> [Exercise instructions]:
Omit every picture, then return the listing verbatim.

> [Supplied information]:

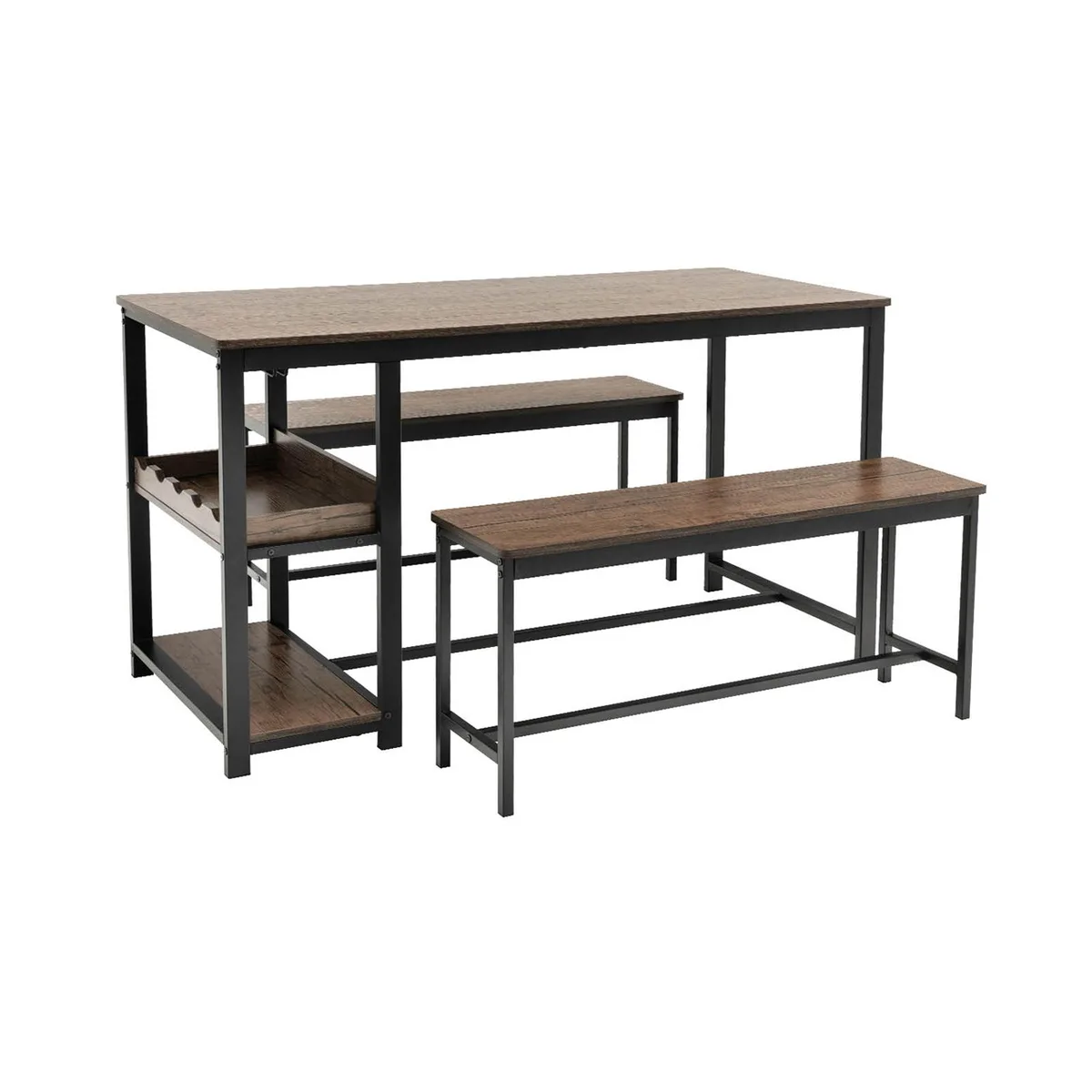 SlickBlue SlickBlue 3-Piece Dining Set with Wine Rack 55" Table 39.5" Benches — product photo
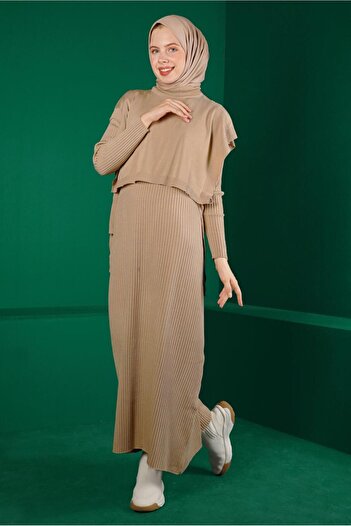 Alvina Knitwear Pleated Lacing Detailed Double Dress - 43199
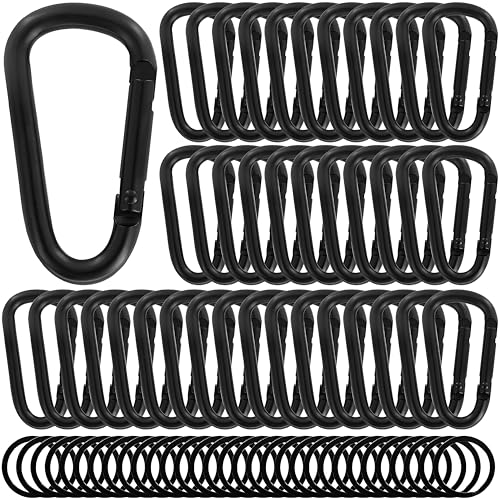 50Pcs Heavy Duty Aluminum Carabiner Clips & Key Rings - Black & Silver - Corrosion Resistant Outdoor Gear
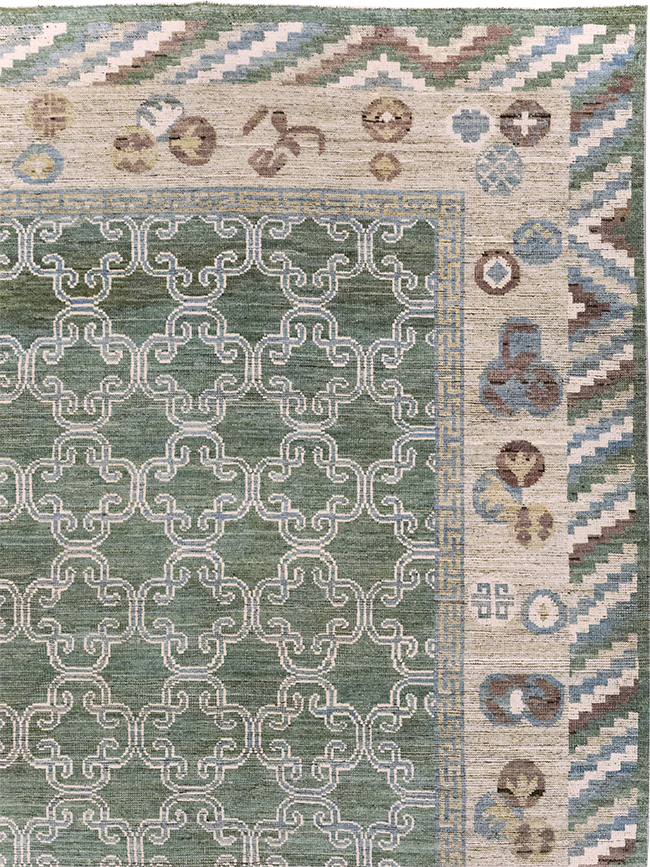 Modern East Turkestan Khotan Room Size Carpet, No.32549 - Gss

> [Response to this exercise]:
 SlickBlue SlickBlue 3-Piece Dining Set with Wine Rack 55" Table 39.5" Benches — product photo
 Alvina Knitwear Pleated Lacing Detailed Double Dress - 43199
 50Pcs Heavy Duty Aluminum Carabiner Clips & Key Rings - Black & Silver - Corrosion Resistant Outdoor Gear
 Modern East Turkestan Khotan Room Size Carpet, No.32549 - Gss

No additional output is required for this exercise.